The hot line is for networking.
And so far, it works.
Individuals, artists and often the major blues labels, such as Alligator, Flying Pig and Uptune, regularly call the hot line for blues information.
A lot of first-time callers are simply curious, Savarin explained, but if he and Tabron can keep the caller on the line long enough, they'll hang up wanting more.
"Once they've learned about us, the response is fantastic," Savarin said. "People just want to be part of the blues."
The Blues Foundation serves some 63 blues societies in this country and abroad. Roanoke's 3 1 BLUES Blues nearest group is the Piedmont Blues Society of Greensboro, N.C., Savarin said - adding that he would be more than willing to help Roanokers establish their own.
If they did, patrons could participate in the foundation's annual events: the National Amateur Blues Talent Contest, the International Blues Music Industry Conference and the Annual National Blues Awards Show, which presents the coveted Handy Award, considered the most prestigious music award among blues musicians.

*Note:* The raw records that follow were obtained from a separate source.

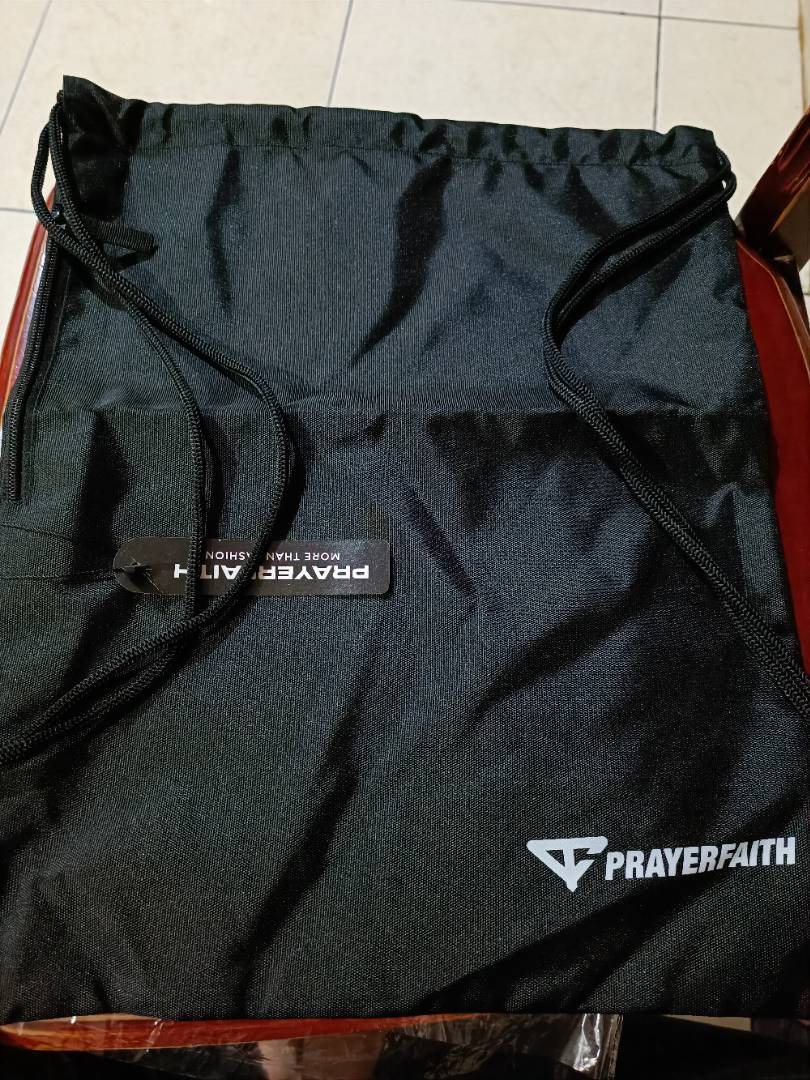 PRAYERFAIT - Tas Serut Pria Wanita Unisex Model Polos Hitam Original Tas Futsal Anti Air - Foto ulasan pembeli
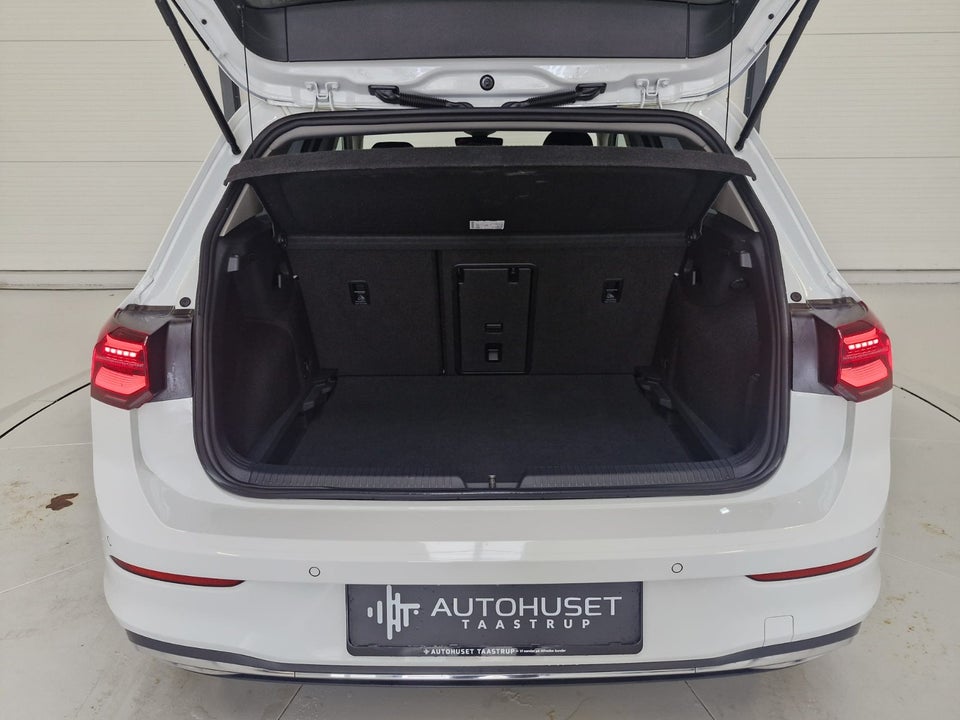 VW Golf VIII 1,5 eTSi 150 Style DSG 5d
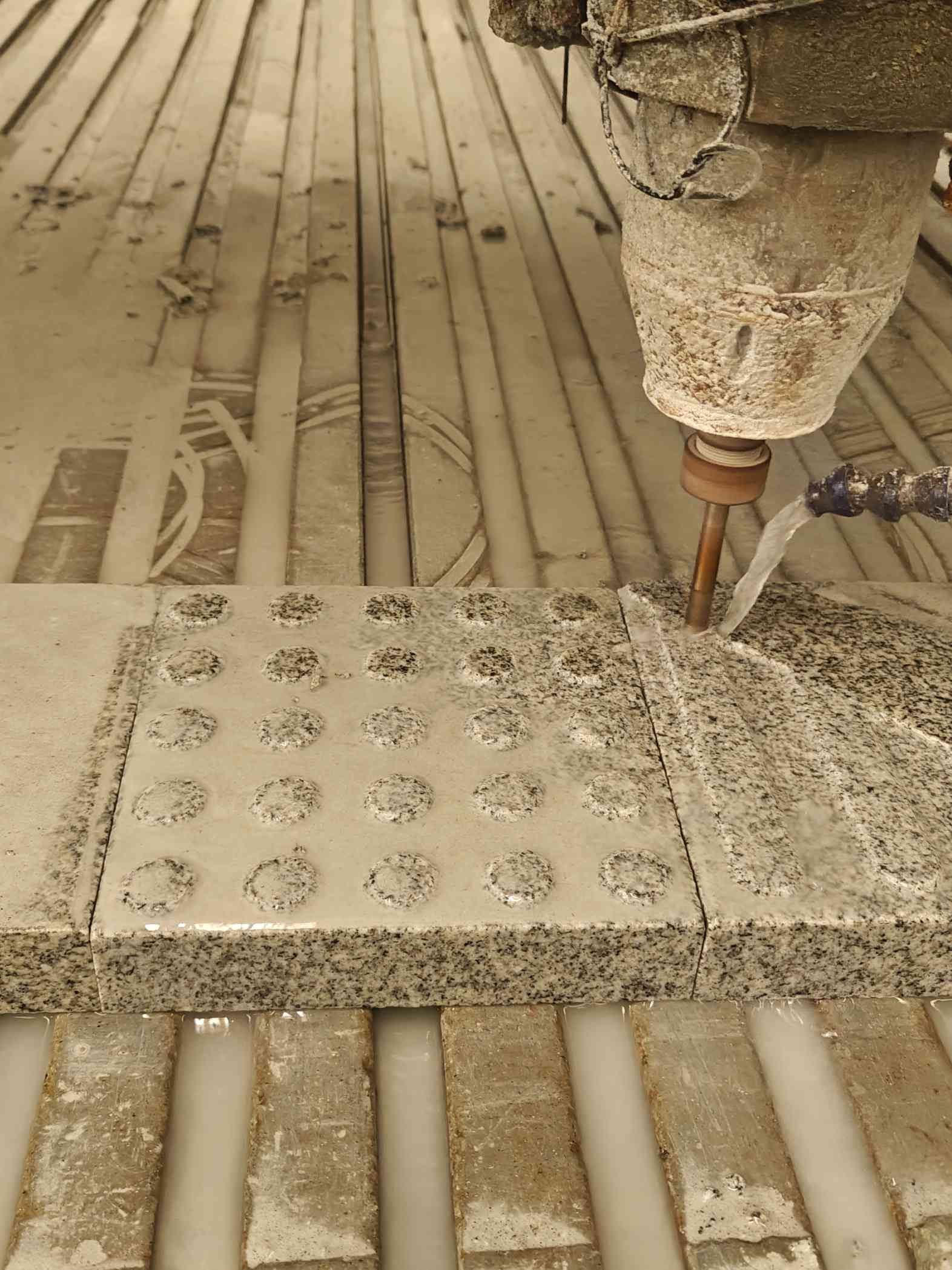 乐山 芝麻白花岗岩石材盲人石、盲道石、盲点石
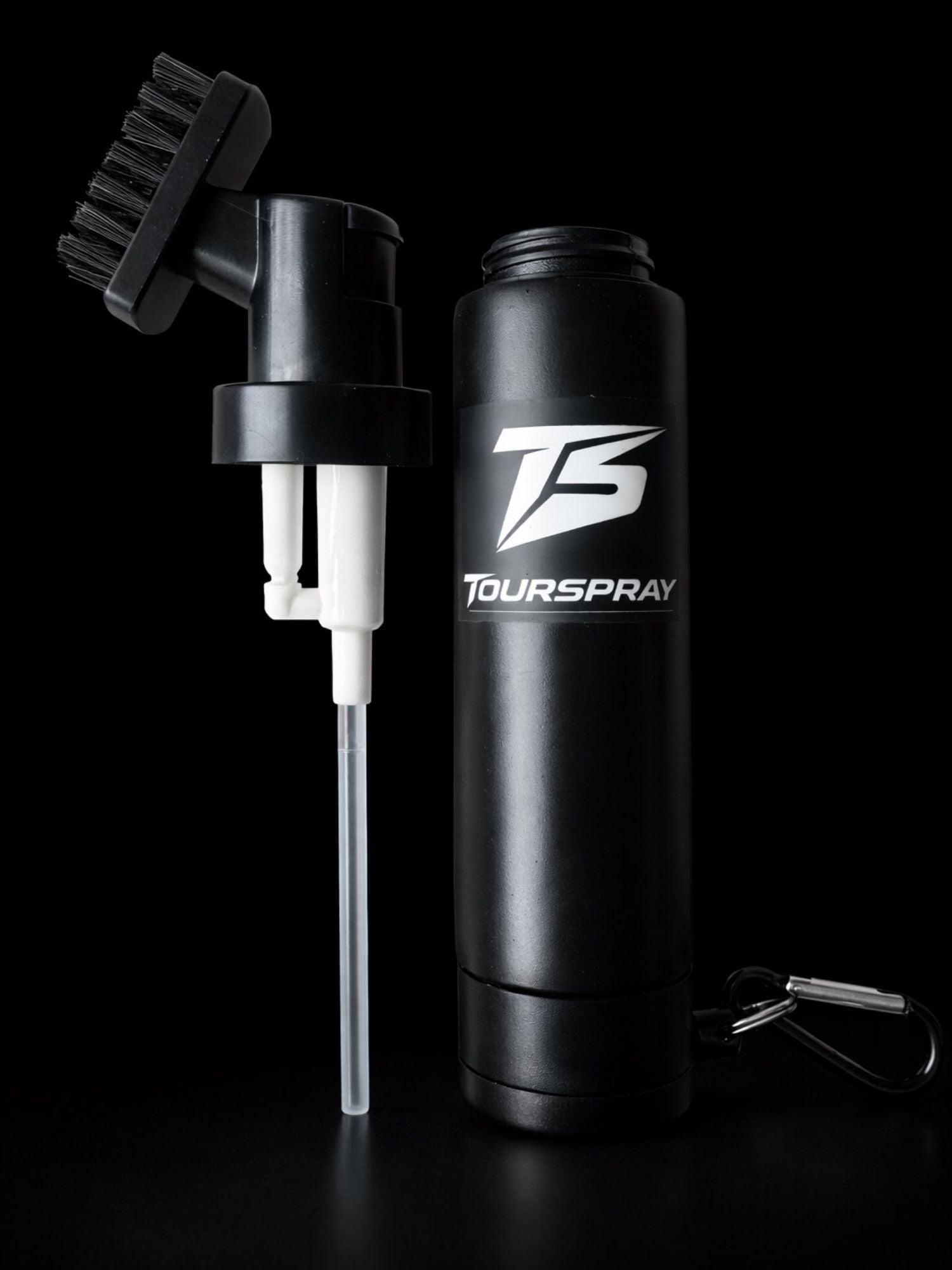 Engineered like
the clubs it cleans.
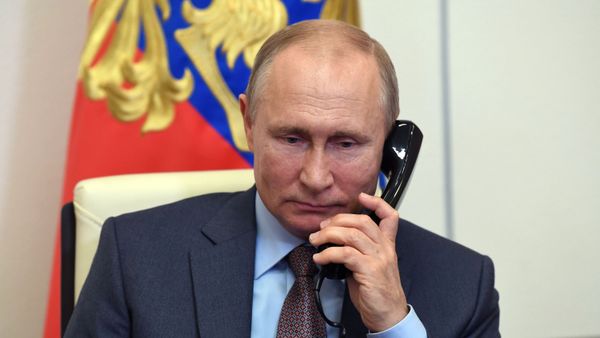 Vladimir Putin speaking on the phone Vladimir Putin speaking on the phone - Sputnik International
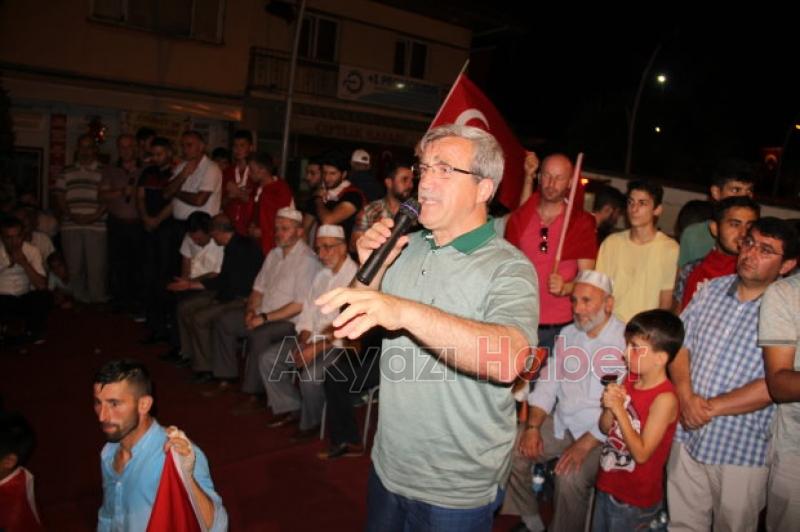 Akyazıda Demokrasiye Saygı Nöbetinde 3. Gün 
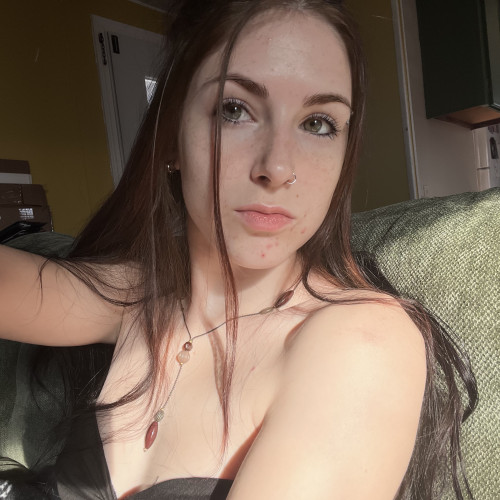 Izzie C. profile photo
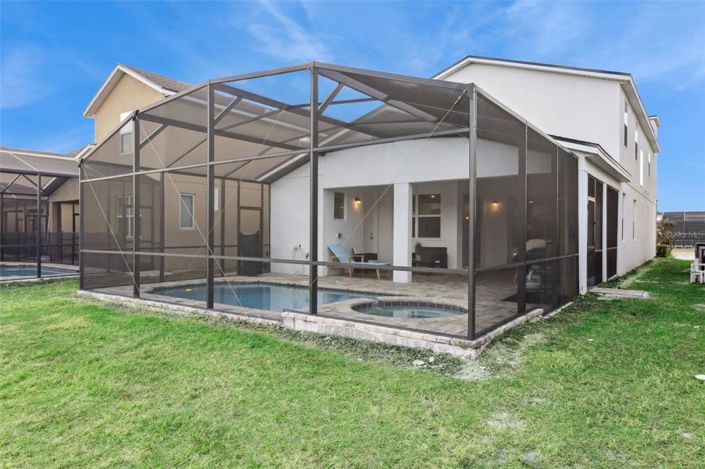 Image No.32-6 Bed House for sale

Savarin, 58, got acquainted with the blues in 1958 after he was stationed at a Greenville, Miss., Air Force base. The first time the white Montreal native heard the music born and bred along the Delta, he fell in love. Reading and listening to every piece of blues material he could get his hands on, Savarin hoped one day to expose as many people as possible to the blues.
"All the time I kept trying to understand why the blues were kept out of commercial radio and why blacks weren't proud of it," he said.
Tabron agreed.
"I grew up thinking the blues was the devil's music - something I shouldn't be a part of," Tabron said. "But when I found out that Aretha Franklin's `Dr. Feelgood' was blues . . . well, I thought maybe this was something I should try."
The Tabron Family's talents eventually landed them the 1987 award for best blues act in Memphis, a contest sponsored by the foundation.
"And here I had been killing myself for years trying to play Top 40 on the keyboards," she said. "I never knew how easy it was to play the blues."
In recent years, Memphis - the nation's 15th largest city - has rediscovered its blues heritage. The Handy home was originally located at 659 Jennette Place, but the house later was moved to Beale Street, long lauded as the place where black musicians translated their Delta sounds into blues. Today the street has been rebuilt into a complex of night clubs, restaurants and galleries - all part of the changing blues image.
Traditionally censored on radio, the once "raunchy" blues stereotype is respected. With artists like Robert Cray, known to bluesmen as "the great blues hope," the pure form has been working its way back onto commercial radio in recent years.
Blues festivals around the country continue to break attendance records. While Roanoke has no blues festival per se, Koko Taylor's appearance last year at Festival in the Park drew one of the largest crowds ever in Elmwood Park.
Corporations are using the blues in their advertisements. Now, even the kid whose music socialization largely depends upon MTV can tune into the blues via a Levi's 501 commercial.
But Savarin considers the spreading of the word serious business. To become an affiliate society, local organizers must send a brief history of the organization, elect officers, incorporate and pay a $100 fee - and "a few other minor things," Savarin said. They must also agree to participate in national blues programs like the amateur contest.
Ever since The New York Times and USA Today ran the foundation's number in their papers last year, Savarin and Tabron have been swamped with calls. But be forewarned, if you want information mailed to your home, the fee is $25.
"We want people to take the blues seriously," Savarin said. "This is not just something where two or three people get together over a keg of beer and decide to listen to the blues."